Quero hoje utilizar este minifúndio literário a mim concedido nas páginas de O NORTE para replicar uma crônica escrita pelo jornalista Felipe Gabrich em homenagem a meu pai, o saudoso e querido Nilson Espoletão, apelidado pelo próprio de A Garça.

O viver é uma arte misteriosa e surpreendente. O ser humano ainda não aprendeu a rir debochadamente de suas quedas. Ou ainda não quis compreender que a vida é uma desafiadora caminhada de altos e baixos para os viventes de todas as raças e credos. Há literaturas sagradas ou não que registram esse fenômeno existencial. Quem diria, por exemplo, que eu, simples atleta de futebol aposentado, voltaria ao campo de meus sonhos infantis para dar uma entrevista a um jornalista?

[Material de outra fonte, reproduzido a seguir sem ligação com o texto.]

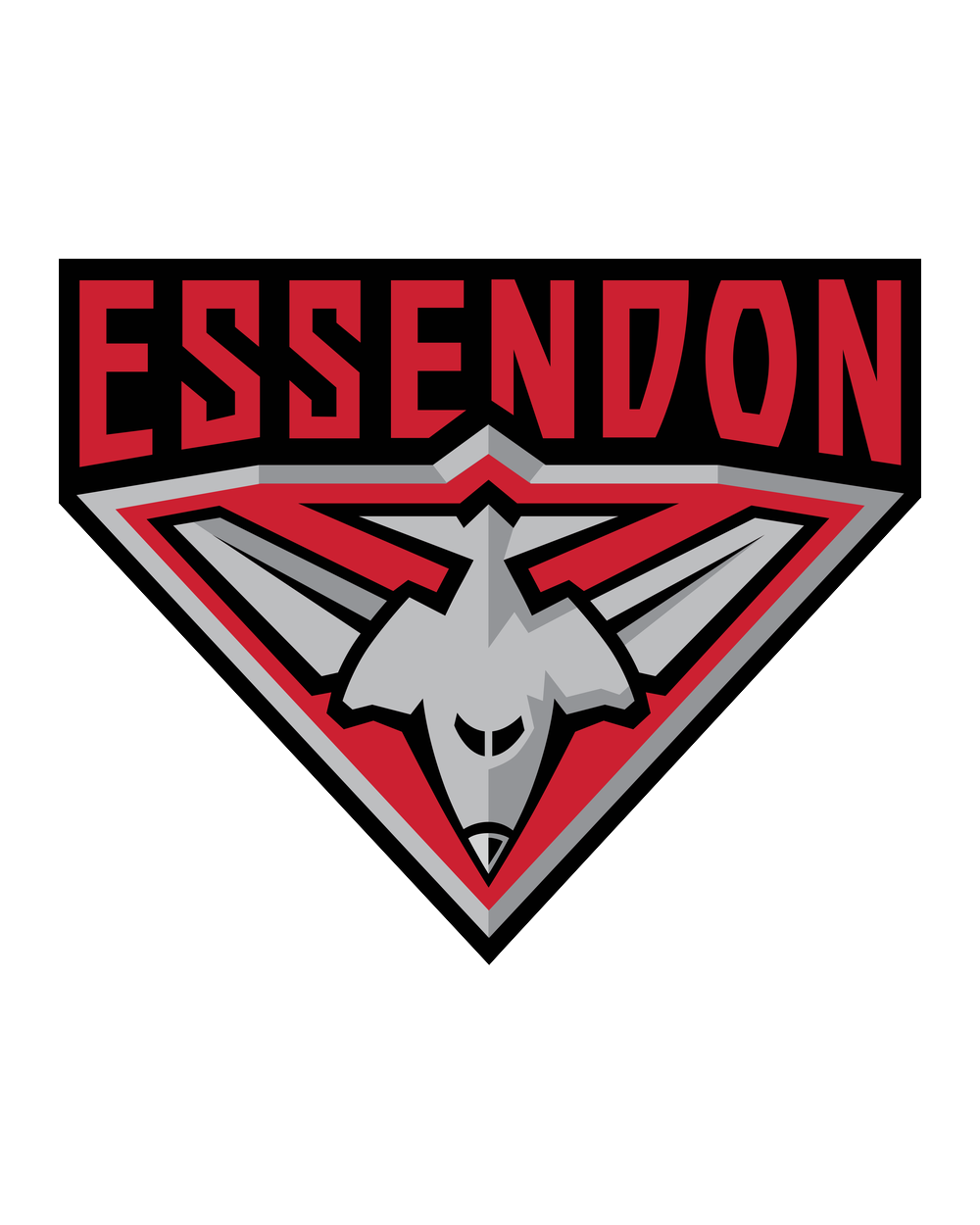 Essendon Bombers logo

Eu jamais poderia imaginar que seria sabatinado algum dia, sob os holofotes da mídia citadina, pelo filho de uma pessoa que jogou bola comigo e a quem eu admirava muito. O jogador e o ser humano. Eu o apelidei certa feita de garça. Não sem propósito. Ele era um atleta elegante, tanto no drible como no correr nas quatro linhas; tanto para dominar uma bola no peito como para lançá-la para frente a longas distâncias. Não dava chutões para o alto. Ou bicudas. Nem disputava a bola faltosamente, agredindo o adversário.

No gramado, queria apenas que seu time ganhasse. Na bola. E que todos os jogadores se conscientizassem de que estavam num grande palco encenando um balé de Tchaikovsky. Ou mostrando um futebol moleque e alegre para a arquibancada ver. Ele não foi apenas um jogador de futebol do Cassimiro de Abreu, do Ipê ou do selecionado da cidade de Montes Claros.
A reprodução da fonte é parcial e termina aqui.